BPM should be a goal of what to achieve, but the definition should not state how to achieve it. Thus we purposefully stay away from specific methods and such. The term “business” means that you are providing value to customers (through processes) and to improve those processes it should be obvious is related to business goals. Some (maybe many) to not explicitly write down the goals. That seems like an inferior method to do BPM, but it does not exclude it from being BPM. Put another way: BPM is not defined as only the best approach to manage an organization with processes, it includes all approaches good and bad, as long as they do what it says: improve processes.
Yes, Keith … it is truly kind of funny. Too bad it isn’t more …
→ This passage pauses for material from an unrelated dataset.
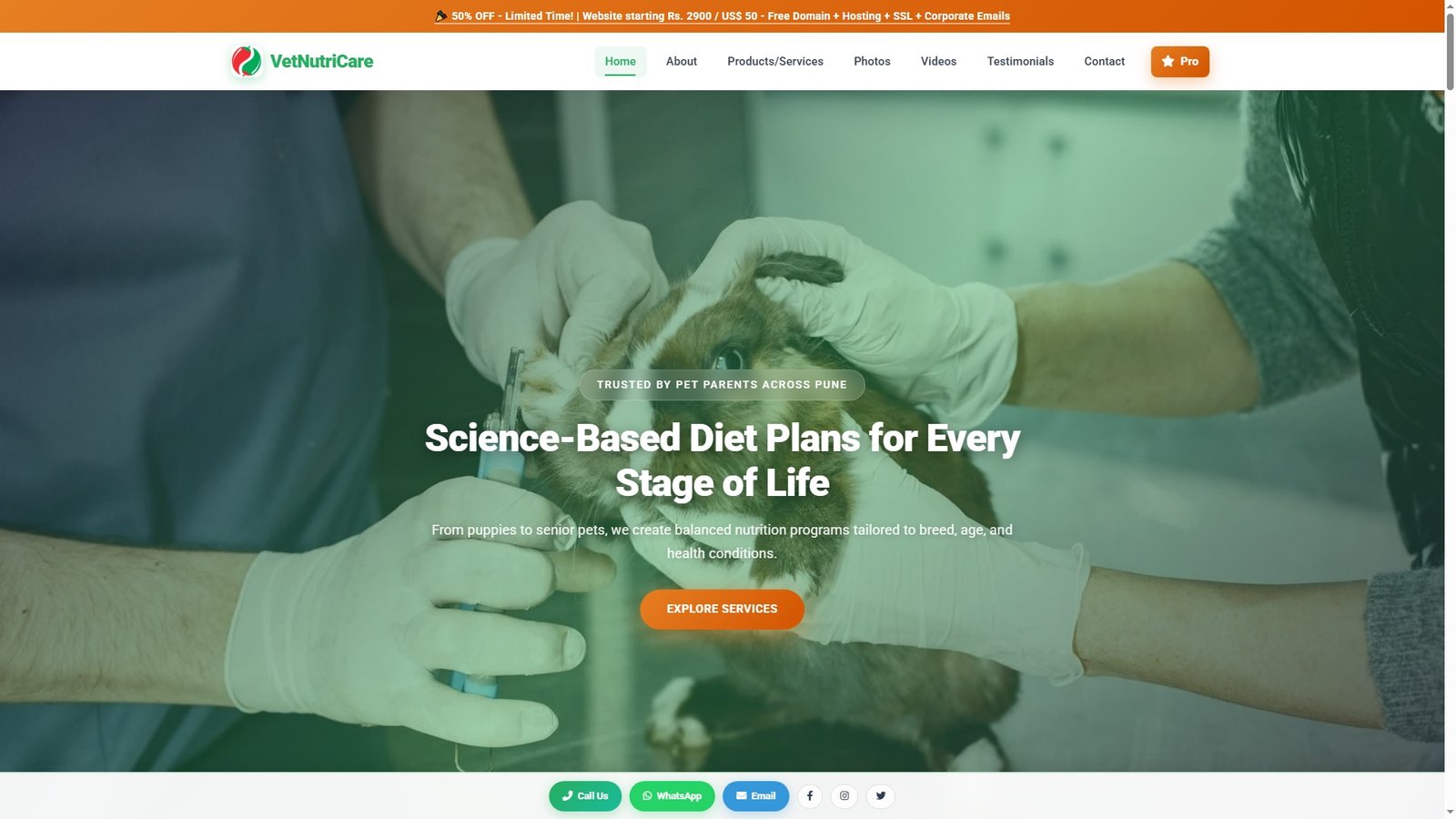 Veterinary Nutrition Services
BPM industry is in a dire situation because of what BPM does NOT do. It is not about a lack of definition. A definition does not accomplish anything. If you do not want to define how BPM is done but just what it should achieve then also ‘model, automate, execute, measure and optimize’ are already too much. Why bother with defining which processes (internal, external, structured, unstructured, …)?
I have no spin on a definition at all and I do not care for the no.1. All these definitions limit BPM to a fraction (20%) of what a business does. One of the key aspects of improving anything is to ask: WHY are you doing this? The goal definition tells you. It also tells you how you know when you have achieved it. Achieving a goal might not be possible with a predefined process. So it can then not be BPM? Is that what you are trying to define?
So lets stick with what you said in your last comment: ‘BPM has the goal to improve business processes.’ That will always be right and no one can disagree with that goal definition. Is there a benefit in doing so? Not from my perspective or are you simply trying to show what is missing in BPM?
The reason is quite clear if you take a look at some of these extremely odd ways that people are using the term: https://social-biz.org/2010/05/07/eccentric-definitions-of-bpm/
While this definition is broad, it clearly excludes some things from being “BPM” and I have a list of things that BPM is not. Many people said that the list of things BPM is not is the most useful part of this. For example, BPM is NOT a “collection of process automation tools” as one of the referenced definitions insists.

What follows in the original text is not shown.